WHAT TO WORK ON - For this exercise, repeat exactly the lines below starting at the line holding "Agentes de la" and ending at the line holding "Diving Underwater the Sea With Long Fins alt", both included, with no extra lines and no pictures.

MATERIAL FOR THE TASK -
################

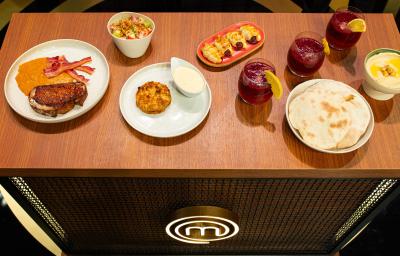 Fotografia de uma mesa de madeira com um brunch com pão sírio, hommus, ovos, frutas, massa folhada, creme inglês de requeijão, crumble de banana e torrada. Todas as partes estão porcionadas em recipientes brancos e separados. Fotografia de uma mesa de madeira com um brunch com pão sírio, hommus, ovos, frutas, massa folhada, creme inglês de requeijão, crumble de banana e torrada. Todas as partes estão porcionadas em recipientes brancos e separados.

################

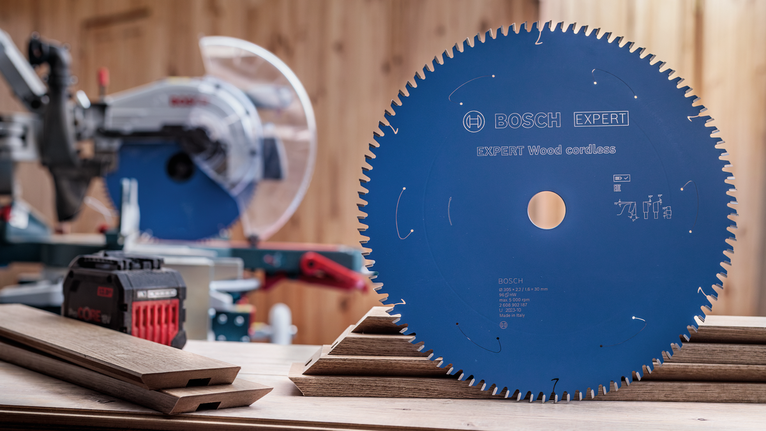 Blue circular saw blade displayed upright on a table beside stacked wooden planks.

################

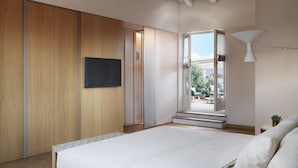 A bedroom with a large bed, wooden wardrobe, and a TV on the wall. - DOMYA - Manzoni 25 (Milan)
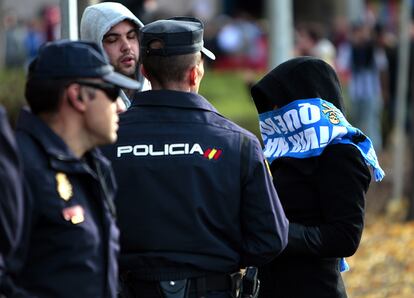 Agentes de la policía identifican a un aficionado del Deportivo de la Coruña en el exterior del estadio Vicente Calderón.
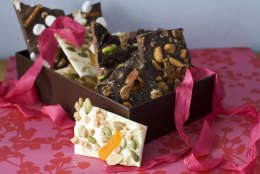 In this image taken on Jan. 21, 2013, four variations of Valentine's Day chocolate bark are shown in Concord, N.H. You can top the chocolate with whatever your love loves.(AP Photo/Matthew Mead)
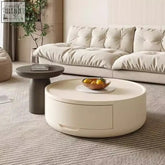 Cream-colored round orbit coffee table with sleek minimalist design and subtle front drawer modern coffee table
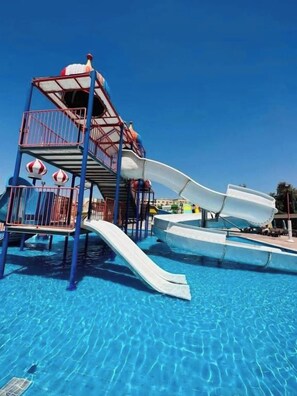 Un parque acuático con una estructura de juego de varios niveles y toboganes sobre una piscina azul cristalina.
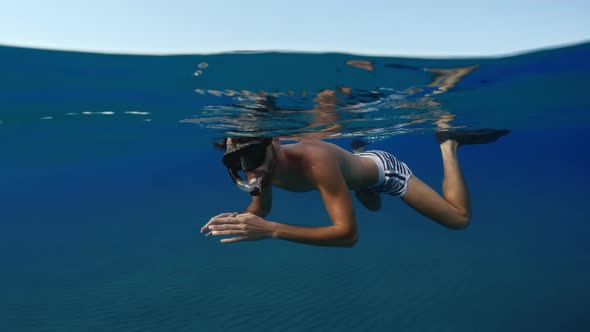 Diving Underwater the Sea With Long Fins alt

################

EXERCISE OUTPUT -
 Agentes de la policía identifican a un aficionado del Deportivo de la Coruña en el exterior del estadio Vicente Calderón.
 In this image taken on Jan. 21, 2013, four variations of Valentine's Day chocolate bark are shown in Concord, N.H. You can top the chocolate with whatever your love loves.(AP Photo/Matthew Mead)
 Cream-colored round orbit coffee table with sleek minimalist design and subtle front drawer modern coffee table
 Un parque acuático con una estructura de juego de varios niveles y toboganes sobre una piscina azul cristalina.
 Diving Underwater the Sea With Long Fins alt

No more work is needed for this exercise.